Reflections On The R.O.C. Centennial

Today* is the centennial of the R.O.C State - a hundred years since the New Army rebelled against the Qing government in Hubei province in 1911 following a dispute over the Qing's attempt to steal expropriate privately built railways. Although Sun Yat Sen (孫逸仙) was not present at the time, he had been the leader of previous attempts to oust the Qing government.

Today, every city in Taiwan (to my knowledge) has roads named after Sun Yat Sen's "three principles of the people": minzu (民族), minquan (民權), and minsheng (民生), or in English: nationalism, democracy and socialism. Taken together as meaning a democratically calibrated national-socialism (or "fascism"), the R.O.C. is no different in its' operating principles to any other modern State such as Britain, France or even the U.S.

In the West, the subject of politics is typically taught with a now almost axiomatic distinction between "democracy" on the one hand, and the early twentieth century "extreme" ideologies of socialism, national-socialism, fascism and communism on the other.

Yet the distinction between democracy and these other ideologies is dangerously misleading on two counts, the first of which is that from an individualist pespective (which is the true "human rights" perspective), there are no substantive differences between socialism, national-socialism, fascism and communism because all of them necessarily trample the rights of the individual human being underfoot.
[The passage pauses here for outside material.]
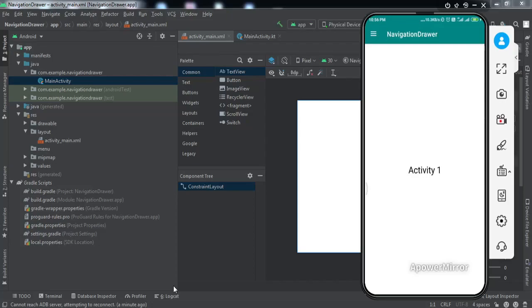Hey everyone, welcome to another video of Fox Android. In this video we're going to learn how to implement a navigation drawer into our Android application using Kotlin as the backend language. Let me demonstrate what we're going to get by the end of this video.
The second point is that, rather than being a substantive contrast to these ideologies, democracy is actually nothing more than a procedural method for calibrating their operation.

The common misconception that democracy does represent a substantive alternative occurs because of the tacit association of democracy with both constitutional and cultural restraints on the State - which is a major premise of liberalism, properly understood. To be sure, modern States - including the R.O.C. - do have constitutional limits on government, but these are as honoured in the breach as in their observance. The notion of strictly limited government is often elided today when politicians, academics, editors and other commenters sermonize about "democracy" without prior critical reflection.

What Sun Yat Sen (孫逸仙) did in the years leading up to 1911, was to agitate for a revolution in the institutional form in which political power was to operate. The sad, and worrying fact is that today's China under the PRC is still trying to catch up with him a century later in a world in which the ideas of nationalism, socialism and democratic calibration have been undermined not only by increasing participation in global market exchanges (and a good thing too), but also by the hubris and stupidity of their application, the collapse of constitutional restraints and the ongoing failure of democratic mechanisms to prevent this collapse.

What is necessary for the 21st Century is not a further application of Sun Yat Sen's revolutionary premises such as democratic calibration of the Chinese State, as in accordance with some of Liu Xiaobao's (劉曉波) prescriptions, but the application of devolutionary ideas. Political power ought to be devolved to the level of the individual such that it is extinguished and replaced entirely by the "soft power" of civil society and free, voluntary market exchange.

A century of depoliticized society would be a far superior achievement to that of the R.O.C. or any other modern State.

*I'd have liked to get myself up to Taipei today to take pictures, but without having prepared a couple of months in advance, it's just not practical.